Q: How can we change a negative habit?

Swami Suryaprakash Saraswati: This question reminds me of an incident many years ago when I was a small child. Swami Niranjan was giving satsang and the topic of discussion was 'How to cultivate virtues and eradicate vices'. How can we cultivate positive habits, thoughts, behaviour and qualities, and how can we remove negative qualities?

After the satsang, Swamiji asked me, "So what did you understand?" I said, "I did not understand anything." He said, "Okay, let's go for a walk in the garden." As we were walking across the lawn, he pointed out a weed which was three or four inches high, and said, "Dig it out." I used two fingers and dug it out without any effort. We walked some more and he said, "See that plant? Now dig that out." I pulled at it with one hand. Nothing happened. So I used both hands and all my force, and with much effort managed to pull it free of the earth. Swamiji said, "Let's go further. Can you see that tree? Now dig that out." I hugged the tree, I tried all kinds of things, and finally he said, "Let it be. You won't be able to do it."

Swamiji then told me, "When you are young in age, you can put in whatever good qualities and habits you want, but as you grow older, it will be much more difficult to cultivate a good habit or extract a bad habit. And one day when you are fully grown, any kind of change will be nearly impossible. Therefore, think carefully and try to imbibe good qualities, thoughts and habits now." He added, "When the personality is full of good qualities, negative qualities cannot enter. When good habits are inculcated, then negative habits get left behind automatically and simply don't come to you."

This incident took place many years ago, but it is only now that I have been able to understand its significance. And in this also lies the reply to the question.
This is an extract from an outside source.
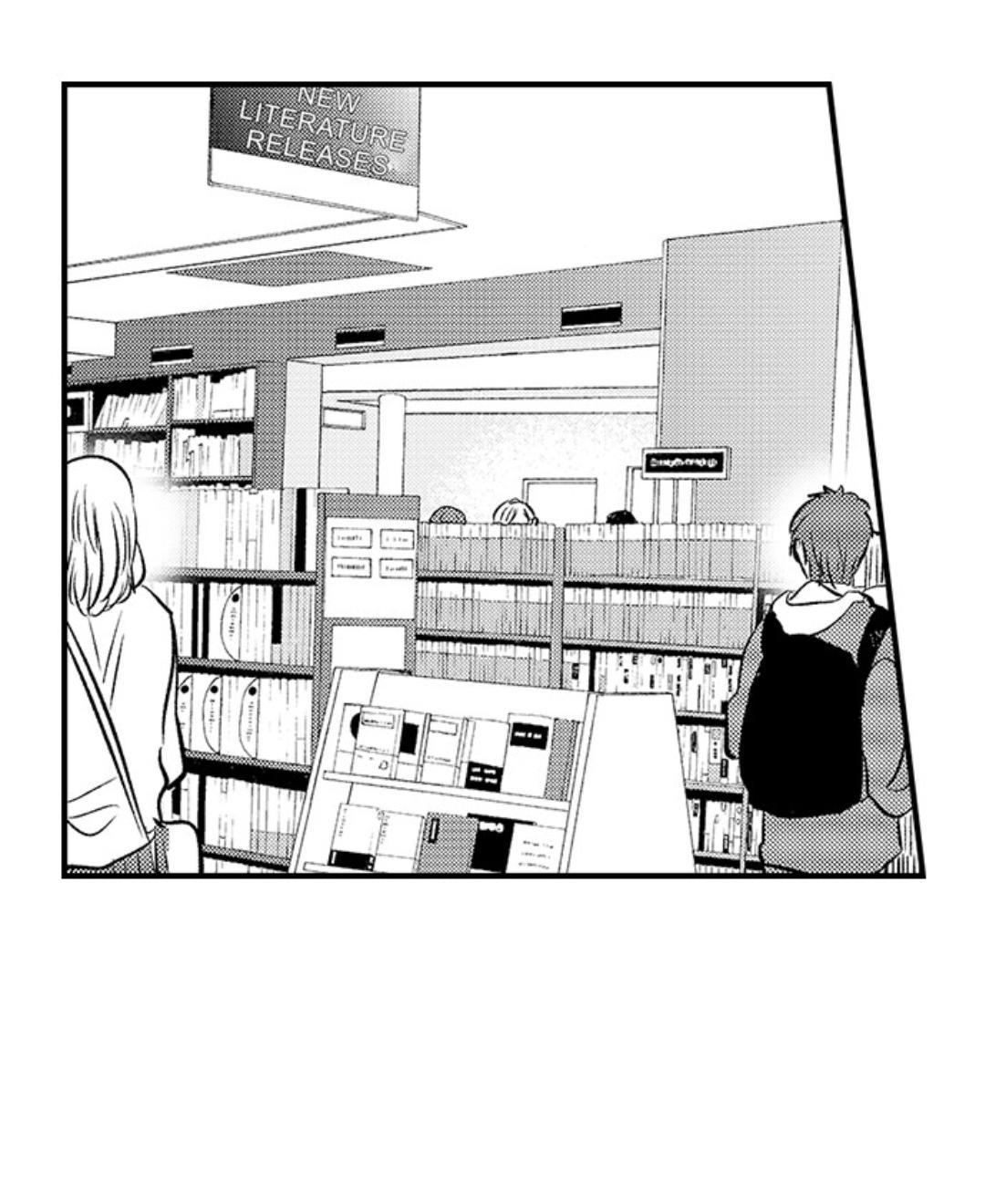 Đọc truyện Yatara yarashii fukami kun - Chapter 17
We can improve or change a negative habit only when we implant positive habits in our life. When the focus is on goodness, then the negativity drops away automatically.

Every negative habit carries with it a positive habit. Every negative tendency has an opposite uplifting quality. If one is lazy, the opposite is dynamism. If the tendency is to be greedy, its positive counterpart is restraint. If one is depressive, the opposite is participation and cheerfulness. So, when analysing a negative habit, the focus has to be on the positive opposite. You simply have to look for this opposite habit and try to develop it.
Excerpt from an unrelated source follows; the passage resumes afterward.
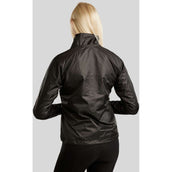 Rebel Jacket Foilprinted Logo Black Rebel Jacket Foilprinted Logo Black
You have to also make a sankalpa, a resolve, to change a negative habit. Remember that a sankalpa is always positive. Take this example. There are two dogs, one black and one white, and they are fighting. Both are the same size and strength. Which one is going to win? When will the white dog win and what do we have to do to defeat the black dog? The answer is easy. The dog that has been better looked after and better fed will win.

The black dog represents all our negative qualities and the white dog represents the positive qualities. One is creativity, love, compassion and dynamism, and the other is symbolic of all the detrimental qualities. So when you make a positive sankalpa and try to develop a positive habit, you will see that as you grow in it, as you imbibe and understand it more, its opposite negative habit will slowly diminish and be left behind. Thus the answer is that you have to tackle the negative habits indirectly by focusing on the positive, because if you try to tackle them directly, you will continue to face internal conflict, and nothing will change.

After all, the negative habit or thought has come from your own mind and the positive resolve or quality has also come from the same mind. So when the negative and the positive, the good and the bad, have both come from the same source, how we grow depends on what we focus on and what we want to develop.

Every individual has the capacity to know what is good and what is bad, what is positive and what is negative. Everyone possesses that much discrimination and intelligence. So it depends on our choice and focus, on what we choose to expand and enhance. We all have to be responsible for our choices.